The problem: Return, word for word, only the lines of the data below that lie between the line with "Samsonite Moderny Laptop" and the line with "used 2025 Mitsubishi", those two lines included.

Entries shown:
════════════════════
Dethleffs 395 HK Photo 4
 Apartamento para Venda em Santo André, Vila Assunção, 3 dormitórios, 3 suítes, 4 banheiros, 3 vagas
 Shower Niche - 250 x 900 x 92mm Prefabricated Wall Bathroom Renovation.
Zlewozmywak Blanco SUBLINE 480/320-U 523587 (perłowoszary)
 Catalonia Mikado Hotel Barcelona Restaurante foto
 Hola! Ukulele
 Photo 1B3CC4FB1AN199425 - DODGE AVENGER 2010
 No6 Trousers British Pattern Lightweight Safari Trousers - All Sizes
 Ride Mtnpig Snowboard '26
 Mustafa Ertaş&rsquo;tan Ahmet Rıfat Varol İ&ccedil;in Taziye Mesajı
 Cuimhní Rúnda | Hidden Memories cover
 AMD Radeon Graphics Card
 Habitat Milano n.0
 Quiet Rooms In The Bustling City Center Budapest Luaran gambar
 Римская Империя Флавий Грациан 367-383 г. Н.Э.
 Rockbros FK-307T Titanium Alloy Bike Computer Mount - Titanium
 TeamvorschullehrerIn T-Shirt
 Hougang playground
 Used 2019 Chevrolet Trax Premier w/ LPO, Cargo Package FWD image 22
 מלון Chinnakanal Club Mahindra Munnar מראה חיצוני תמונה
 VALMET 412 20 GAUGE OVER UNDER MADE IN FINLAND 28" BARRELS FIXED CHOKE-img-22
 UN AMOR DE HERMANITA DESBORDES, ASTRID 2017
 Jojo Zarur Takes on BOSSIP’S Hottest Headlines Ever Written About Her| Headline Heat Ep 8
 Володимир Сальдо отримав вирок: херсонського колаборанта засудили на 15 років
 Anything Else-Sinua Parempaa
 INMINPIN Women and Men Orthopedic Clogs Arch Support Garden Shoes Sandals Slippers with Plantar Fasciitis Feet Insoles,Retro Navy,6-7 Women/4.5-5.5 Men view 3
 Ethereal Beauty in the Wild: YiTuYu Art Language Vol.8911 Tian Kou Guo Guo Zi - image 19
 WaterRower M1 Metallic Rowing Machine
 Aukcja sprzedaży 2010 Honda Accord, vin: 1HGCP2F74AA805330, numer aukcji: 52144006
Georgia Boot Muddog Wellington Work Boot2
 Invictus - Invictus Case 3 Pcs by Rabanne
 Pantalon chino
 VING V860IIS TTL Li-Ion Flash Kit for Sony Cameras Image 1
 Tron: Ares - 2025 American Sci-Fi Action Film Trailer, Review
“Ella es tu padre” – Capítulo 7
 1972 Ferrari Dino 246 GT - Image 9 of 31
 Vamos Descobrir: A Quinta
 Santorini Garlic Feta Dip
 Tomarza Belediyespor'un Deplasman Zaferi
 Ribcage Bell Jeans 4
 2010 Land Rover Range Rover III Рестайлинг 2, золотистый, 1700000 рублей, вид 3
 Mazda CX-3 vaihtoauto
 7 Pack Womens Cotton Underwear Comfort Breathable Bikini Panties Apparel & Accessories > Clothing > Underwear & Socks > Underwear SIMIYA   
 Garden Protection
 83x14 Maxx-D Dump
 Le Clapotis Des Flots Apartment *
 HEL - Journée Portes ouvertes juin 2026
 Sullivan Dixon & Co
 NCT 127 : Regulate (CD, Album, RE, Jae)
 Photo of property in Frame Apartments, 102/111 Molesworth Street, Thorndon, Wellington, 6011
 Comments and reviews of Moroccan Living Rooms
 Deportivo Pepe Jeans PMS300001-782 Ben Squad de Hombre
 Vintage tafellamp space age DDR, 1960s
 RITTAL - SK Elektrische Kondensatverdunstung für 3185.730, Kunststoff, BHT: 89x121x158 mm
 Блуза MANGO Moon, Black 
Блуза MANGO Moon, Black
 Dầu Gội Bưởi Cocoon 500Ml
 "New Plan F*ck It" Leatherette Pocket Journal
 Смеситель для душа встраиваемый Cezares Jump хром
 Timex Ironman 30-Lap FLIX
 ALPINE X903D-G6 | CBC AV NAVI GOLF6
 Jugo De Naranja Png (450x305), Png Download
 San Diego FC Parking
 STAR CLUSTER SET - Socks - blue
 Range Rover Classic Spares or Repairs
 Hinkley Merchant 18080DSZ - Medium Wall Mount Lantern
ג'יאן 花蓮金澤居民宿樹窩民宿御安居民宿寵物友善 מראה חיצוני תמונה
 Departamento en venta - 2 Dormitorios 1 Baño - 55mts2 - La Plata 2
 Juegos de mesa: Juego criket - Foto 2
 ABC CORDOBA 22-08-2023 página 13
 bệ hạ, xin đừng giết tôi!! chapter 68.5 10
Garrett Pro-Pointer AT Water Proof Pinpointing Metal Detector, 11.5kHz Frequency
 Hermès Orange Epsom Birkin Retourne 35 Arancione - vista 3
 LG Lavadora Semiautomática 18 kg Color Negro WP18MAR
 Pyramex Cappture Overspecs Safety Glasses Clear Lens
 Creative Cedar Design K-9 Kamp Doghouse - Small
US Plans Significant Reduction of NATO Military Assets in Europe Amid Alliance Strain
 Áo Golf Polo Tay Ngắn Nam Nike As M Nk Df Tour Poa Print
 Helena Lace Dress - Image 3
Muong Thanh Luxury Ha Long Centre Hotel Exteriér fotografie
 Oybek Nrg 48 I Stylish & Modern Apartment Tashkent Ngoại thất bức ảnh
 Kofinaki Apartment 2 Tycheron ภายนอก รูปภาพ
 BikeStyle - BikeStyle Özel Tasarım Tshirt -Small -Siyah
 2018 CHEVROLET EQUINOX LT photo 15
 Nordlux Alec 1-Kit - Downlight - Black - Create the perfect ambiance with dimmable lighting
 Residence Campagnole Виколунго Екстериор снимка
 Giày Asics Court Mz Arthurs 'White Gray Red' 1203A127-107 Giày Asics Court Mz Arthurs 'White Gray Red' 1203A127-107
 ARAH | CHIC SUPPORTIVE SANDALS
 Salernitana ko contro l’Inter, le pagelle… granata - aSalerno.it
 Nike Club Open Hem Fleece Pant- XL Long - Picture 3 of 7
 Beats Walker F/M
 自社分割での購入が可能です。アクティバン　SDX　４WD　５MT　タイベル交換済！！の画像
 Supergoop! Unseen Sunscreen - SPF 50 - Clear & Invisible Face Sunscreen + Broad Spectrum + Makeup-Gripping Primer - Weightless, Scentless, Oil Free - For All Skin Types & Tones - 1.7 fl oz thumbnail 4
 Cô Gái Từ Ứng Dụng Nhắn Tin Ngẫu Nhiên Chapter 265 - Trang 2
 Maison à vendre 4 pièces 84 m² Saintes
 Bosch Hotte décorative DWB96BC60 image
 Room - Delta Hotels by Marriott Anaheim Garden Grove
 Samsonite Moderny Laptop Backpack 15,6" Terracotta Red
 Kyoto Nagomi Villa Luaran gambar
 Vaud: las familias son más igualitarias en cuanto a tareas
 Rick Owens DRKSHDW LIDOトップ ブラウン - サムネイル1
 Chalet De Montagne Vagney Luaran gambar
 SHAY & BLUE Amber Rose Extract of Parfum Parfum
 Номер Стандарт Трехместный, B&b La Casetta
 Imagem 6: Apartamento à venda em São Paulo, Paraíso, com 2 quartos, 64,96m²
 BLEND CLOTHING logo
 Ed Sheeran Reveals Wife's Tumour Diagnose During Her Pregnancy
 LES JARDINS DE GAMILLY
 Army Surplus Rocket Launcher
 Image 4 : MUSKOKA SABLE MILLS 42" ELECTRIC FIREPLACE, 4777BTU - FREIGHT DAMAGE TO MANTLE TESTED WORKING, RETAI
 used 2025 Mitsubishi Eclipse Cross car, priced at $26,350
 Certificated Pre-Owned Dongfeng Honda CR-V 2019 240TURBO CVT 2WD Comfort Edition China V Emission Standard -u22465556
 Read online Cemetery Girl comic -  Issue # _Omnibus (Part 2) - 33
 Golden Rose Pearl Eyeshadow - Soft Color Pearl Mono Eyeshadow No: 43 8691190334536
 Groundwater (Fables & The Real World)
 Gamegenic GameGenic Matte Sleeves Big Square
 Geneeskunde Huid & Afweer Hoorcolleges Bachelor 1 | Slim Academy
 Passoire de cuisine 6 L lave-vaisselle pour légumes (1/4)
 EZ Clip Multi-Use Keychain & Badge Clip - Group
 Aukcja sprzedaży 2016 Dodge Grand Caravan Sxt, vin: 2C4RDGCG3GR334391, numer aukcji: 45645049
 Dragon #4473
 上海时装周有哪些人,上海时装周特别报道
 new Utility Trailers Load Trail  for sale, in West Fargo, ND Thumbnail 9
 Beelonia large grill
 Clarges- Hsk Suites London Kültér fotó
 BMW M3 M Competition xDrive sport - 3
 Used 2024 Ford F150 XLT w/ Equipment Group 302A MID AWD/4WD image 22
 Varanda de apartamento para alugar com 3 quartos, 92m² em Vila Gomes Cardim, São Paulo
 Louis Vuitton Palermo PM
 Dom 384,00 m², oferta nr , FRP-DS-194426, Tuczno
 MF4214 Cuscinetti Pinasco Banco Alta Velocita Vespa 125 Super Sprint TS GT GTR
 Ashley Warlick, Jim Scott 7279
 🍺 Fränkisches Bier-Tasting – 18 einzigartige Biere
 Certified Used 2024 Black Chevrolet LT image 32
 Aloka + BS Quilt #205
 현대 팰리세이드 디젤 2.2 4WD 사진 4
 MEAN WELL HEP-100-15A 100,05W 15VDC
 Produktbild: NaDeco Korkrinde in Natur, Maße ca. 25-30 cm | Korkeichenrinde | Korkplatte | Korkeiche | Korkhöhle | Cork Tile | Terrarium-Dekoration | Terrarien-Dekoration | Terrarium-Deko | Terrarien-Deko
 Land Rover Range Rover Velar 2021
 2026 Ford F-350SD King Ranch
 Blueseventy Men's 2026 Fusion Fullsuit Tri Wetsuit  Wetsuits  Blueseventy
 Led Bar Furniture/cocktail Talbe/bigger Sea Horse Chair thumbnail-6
════════════════════
Answer section:
 Samsonite Moderny Laptop Backpack 15,6" Terracotta Red
 Kyoto Nagomi Villa Luaran gambar
 Vaud: las familias son más igualitarias en cuanto a tareas
 Rick Owens DRKSHDW LIDOトップ ブラウン - サムネイル1
 Chalet De Montagne Vagney Luaran gambar
 SHAY & BLUE Amber Rose Extract of Parfum Parfum
 Номер Стандарт Трехместный, B&b La Casetta
 Imagem 6: Apartamento à venda em São Paulo, Paraíso, com 2 quartos, 64,96m²
 BLEND CLOTHING logo
 Ed Sheeran Reveals Wife's Tumour Diagnose During Her Pregnancy
 LES JARDINS DE GAMILLY
 Army Surplus Rocket Launcher
 Image 4 : MUSKOKA SABLE MILLS 42" ELECTRIC FIREPLACE, 4777BTU - FREIGHT DAMAGE TO MANTLE TESTED WORKING, RETAI
 used 2025 Mitsubishi Eclipse Cross car, priced at $26,350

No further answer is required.